My point here is not to rehearse all the details of the controversy over Amoris. The point is simply to note the extreme lengths to which the pope was willing to go to try to accommodate the weaknesses even of those who obstinately refuse to obey the teaching of Christ and St. Paul. Even if you think Amoris itself does not cross the line of heterodoxy with regard to that teaching, it cannot be denied that the document is extremely gentle with and accommodating to those who do cross it.
The contrast with the treatment of traditionalist Catholics in Traditionis Custodes could not be more stark. Note first that, in the accompanying letter explaining his decision, Pope Francis claims that attachment to the old form of the Mass “is often characterized by a rejection… of the Vatican Council II itself, claiming, with unfounded and unsustainable assertions, that it betrayed the Tradition and the ‘true Church.’”
The first thing to say about this is that, even if it is true that some people attached to the old form have this attitude, it is by no means true that all of them do. On the contrary, as Pope Francis himself notes in the same document, his predecessor Pope Benedict XVI affirmed that many who are attached to the old form “clearly accepted the binding character of Vatican Council II and were faithful to the Pope and to the Bishops.” All the same, Pope Francis’s severe restriction of the old form of the Mass punishes these innocent Catholics along with the guilty.
Secondly, we need to consider the precise nature of the purported heterodoxy and/or schismatic tendencies of which some of these traditionalists are accused. There are, of course, some extreme traditionalists who deny that we have had a valid pope for decades (namely the sedevacantists), and others who are in some less radical way in imperfect communion with the pope (such as the SSPX). But precisely because they are not in regular communion, the errors of these groups are irrelevant to the intended audience of Traditionis Custodes – namely, traditionalist Catholics who are in regular communion with the pope (such as the FSSP, and attendees at Extraordinary Form Masses offered at ordinary diocesan parishes).
By definition, the latter groups are not in schism. And though there are no doubt some among this small group within the Church who might nevertheless be said in some sense to have a “schismatic mentality,” the same is true of the untold millions of liberal Catholics who casually dismiss the pope’s authority to tell them what to believe or how to act – including the adulterous Catholics the pope accommodated in Amoris. Clearly, the pope feels no urgency about dealing with the schismatic mentality among countless liberals. So, why the urgency in dealing with the schismatic mentality of a small number of traditionalists?
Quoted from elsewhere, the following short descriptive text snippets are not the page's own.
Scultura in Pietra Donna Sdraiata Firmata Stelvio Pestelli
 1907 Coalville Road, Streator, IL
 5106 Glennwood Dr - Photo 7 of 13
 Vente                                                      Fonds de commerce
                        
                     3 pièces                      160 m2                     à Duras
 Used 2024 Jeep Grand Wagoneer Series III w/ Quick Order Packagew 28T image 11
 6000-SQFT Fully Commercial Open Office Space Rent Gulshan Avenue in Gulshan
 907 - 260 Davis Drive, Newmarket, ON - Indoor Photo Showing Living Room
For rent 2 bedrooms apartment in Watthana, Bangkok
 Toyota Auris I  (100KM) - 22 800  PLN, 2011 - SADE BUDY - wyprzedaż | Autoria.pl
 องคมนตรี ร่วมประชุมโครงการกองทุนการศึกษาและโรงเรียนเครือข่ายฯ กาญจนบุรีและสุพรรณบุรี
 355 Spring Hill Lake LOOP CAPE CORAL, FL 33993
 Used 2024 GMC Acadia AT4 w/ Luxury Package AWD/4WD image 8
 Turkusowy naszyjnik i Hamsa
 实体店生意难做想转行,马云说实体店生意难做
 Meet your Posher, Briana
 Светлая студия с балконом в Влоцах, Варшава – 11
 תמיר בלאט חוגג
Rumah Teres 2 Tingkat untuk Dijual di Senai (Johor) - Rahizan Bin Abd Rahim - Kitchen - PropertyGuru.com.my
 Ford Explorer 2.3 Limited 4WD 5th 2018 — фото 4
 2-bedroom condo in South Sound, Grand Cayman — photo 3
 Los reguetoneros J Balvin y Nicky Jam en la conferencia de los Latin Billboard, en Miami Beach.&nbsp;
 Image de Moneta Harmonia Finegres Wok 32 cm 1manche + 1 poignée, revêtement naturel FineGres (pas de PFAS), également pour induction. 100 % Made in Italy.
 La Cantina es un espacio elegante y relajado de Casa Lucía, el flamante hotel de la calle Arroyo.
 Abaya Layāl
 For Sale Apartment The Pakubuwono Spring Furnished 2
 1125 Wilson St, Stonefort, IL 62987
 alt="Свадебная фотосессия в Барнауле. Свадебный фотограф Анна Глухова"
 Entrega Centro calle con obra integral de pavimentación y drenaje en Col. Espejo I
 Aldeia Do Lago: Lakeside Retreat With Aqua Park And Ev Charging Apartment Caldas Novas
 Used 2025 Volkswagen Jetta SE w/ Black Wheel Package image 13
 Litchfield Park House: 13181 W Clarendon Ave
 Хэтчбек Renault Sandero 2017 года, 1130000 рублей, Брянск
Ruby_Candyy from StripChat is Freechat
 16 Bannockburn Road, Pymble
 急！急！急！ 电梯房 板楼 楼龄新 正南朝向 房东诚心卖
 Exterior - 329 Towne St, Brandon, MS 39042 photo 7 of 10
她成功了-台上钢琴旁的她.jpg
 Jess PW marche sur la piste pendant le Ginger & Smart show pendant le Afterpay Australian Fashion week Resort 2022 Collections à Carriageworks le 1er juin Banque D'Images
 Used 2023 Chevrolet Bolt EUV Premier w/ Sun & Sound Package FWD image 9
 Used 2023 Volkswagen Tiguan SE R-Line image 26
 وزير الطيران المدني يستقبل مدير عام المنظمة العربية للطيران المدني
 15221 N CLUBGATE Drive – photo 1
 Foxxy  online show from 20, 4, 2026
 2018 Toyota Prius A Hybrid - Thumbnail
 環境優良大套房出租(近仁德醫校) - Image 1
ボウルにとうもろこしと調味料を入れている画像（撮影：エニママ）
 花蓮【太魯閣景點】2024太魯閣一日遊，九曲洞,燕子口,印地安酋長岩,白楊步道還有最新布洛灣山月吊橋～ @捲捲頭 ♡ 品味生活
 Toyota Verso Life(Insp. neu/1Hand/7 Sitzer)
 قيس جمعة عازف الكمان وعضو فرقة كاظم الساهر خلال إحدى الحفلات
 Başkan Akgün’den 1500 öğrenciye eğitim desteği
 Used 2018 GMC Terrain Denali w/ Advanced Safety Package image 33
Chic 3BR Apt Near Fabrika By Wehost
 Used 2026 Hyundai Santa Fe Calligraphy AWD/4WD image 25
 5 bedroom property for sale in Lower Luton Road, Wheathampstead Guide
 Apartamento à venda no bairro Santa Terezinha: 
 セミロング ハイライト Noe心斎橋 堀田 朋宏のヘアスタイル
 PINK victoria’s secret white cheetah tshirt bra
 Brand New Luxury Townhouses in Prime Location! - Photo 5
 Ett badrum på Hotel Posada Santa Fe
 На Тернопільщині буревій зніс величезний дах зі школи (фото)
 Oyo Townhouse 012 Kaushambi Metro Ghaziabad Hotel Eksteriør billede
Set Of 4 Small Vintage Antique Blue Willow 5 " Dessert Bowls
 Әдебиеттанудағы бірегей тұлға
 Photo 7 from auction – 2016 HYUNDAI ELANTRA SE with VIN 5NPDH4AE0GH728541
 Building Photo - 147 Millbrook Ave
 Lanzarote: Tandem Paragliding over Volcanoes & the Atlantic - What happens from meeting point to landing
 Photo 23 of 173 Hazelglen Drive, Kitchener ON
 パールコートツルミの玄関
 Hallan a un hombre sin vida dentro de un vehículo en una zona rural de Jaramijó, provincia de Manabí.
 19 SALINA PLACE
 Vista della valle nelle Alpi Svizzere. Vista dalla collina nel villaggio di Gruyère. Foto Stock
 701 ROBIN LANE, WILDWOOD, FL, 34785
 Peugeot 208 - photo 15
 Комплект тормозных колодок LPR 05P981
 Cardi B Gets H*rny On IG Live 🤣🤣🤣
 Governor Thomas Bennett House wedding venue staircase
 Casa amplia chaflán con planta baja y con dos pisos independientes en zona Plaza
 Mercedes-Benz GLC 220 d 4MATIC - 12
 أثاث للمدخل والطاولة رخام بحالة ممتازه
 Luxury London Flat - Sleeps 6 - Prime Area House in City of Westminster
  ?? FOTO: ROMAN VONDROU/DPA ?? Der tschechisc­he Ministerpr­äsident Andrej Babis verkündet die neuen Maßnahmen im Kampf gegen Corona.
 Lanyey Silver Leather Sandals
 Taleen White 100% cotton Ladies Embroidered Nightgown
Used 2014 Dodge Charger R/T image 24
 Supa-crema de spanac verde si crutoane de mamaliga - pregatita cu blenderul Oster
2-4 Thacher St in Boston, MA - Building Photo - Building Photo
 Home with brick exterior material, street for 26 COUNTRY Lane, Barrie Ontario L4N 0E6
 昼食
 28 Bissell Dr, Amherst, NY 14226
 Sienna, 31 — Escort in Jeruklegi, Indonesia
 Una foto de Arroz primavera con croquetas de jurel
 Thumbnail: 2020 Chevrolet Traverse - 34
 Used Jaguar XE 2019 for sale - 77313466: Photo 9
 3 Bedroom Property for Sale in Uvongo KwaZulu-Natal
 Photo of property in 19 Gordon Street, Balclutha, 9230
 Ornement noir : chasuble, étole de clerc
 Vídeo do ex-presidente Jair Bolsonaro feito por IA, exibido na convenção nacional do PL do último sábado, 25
Then there is the question of what it means exactly to “reject” Vatican II. Typically, with those traditionalists who are in full communion with the pope, what this means is that they reject some particular teaching of the Council, such as its teaching about religious liberty. Now, I disagree with those who reject that teaching. My view is that Vatican II’s teaching on religious liberty can and should be reconciled with the teaching of the pre-Vatican II popes on the subject. (My favored way of doing so is the one developed by Thomas Pink.) But for one thing, the teaching of Vatican II on this subject is not one that has been proposed infallibly (even if, of course, that does not entail that we do not owe it assent); and for another, how exactly to interpret it in light of traditional teaching has been a matter of controversy among theologians faithful to the Magisterium. So, if the pope is going to be gentle and accommodating with those who obstinately defy the ancient and infallible teaching of Christ and St. Paul on marriage and Holy Communion, then how can he reasonably be less gentle and accommodating with those who have problems with a non-infallible teaching that is only a little over fifty years old?
So, the offense of which the traditionalists to whom Traditionis Custodes is addressed are accused is (a) not one of which all of them are guilty, and (b) manifestly less grave than that of Catholics who reject the Church’s teaching on marriage, divorce, and Holy Communion. Yet those who reject that teaching are shown mercy, whereas traditionalists, the innocent as well as the guilty, are shown harshness.
And the punishment is very harsh. The pope aims to banish the Extraordinary Form of the Mass from ordinary parish communities, to restrict future ordinations of priests interested in celebrating it, and effectively to quarantine from the rest of the Church those communities which are still permitted to use the old form of the Mass until such time as they are prepared to adopt the new form. As Cardinal Gerhard Müller observes, “the clear intent is to condemn the Extraordinary Form to extinction in the long run.” The pope is essentially telling traditionalist Catholics attached to the old form of the Mass that as individuals they are suspect, and as a group they are slated eventually to disappear. As Cardinal Müller writes:
Without the slightest empathy, one ignores the religious feelings of the (often young) participants in the Masses according to the [old] Missal… Instead of appreciating the smell of the sheep, the shepherd here hits them hard with his crook. It also seems simply unjust to abolish celebrations of the “old” rite just because it attracts some problematic people: abusus non tollit usum.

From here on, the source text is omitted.